◆ DATA SECTION
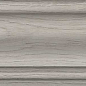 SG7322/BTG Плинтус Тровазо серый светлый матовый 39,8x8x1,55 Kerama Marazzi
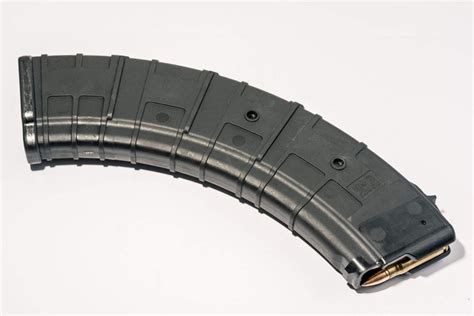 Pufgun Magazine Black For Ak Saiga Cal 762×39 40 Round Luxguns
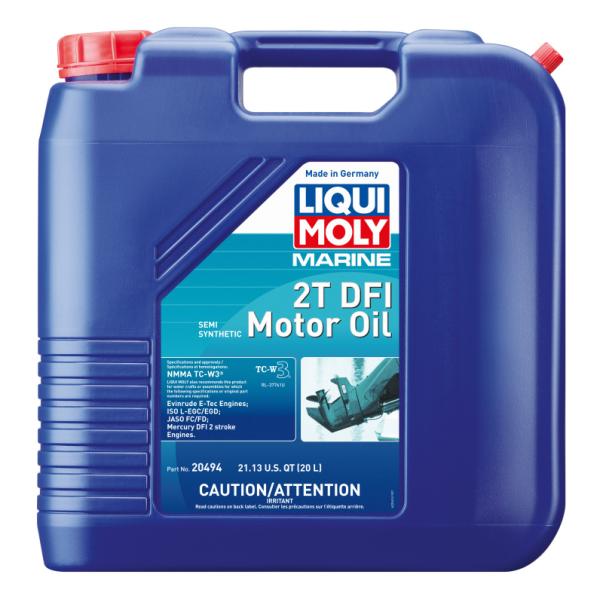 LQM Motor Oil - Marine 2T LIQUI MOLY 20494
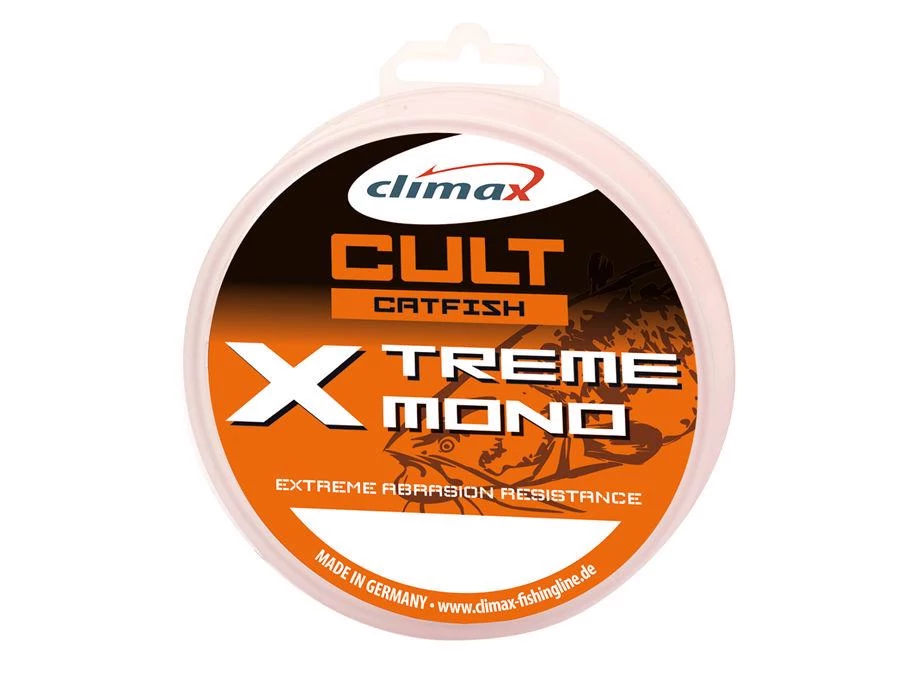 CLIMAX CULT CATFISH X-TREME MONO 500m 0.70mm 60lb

◆ WORK TO COMPLETE
Counting both ends, reproduce word for word the lines from the line with "LQM Motor Oil - Marine 2T LIQUI MOLY 20494" to the final line of the listing above, skipping every picture.

◆ SOLUTION TO THE PROBLEM
 LQM Motor Oil - Marine 2T LIQUI MOLY 20494
 CLIMAX CULT CATFISH X-TREME MONO 500m 0.70mm 60lb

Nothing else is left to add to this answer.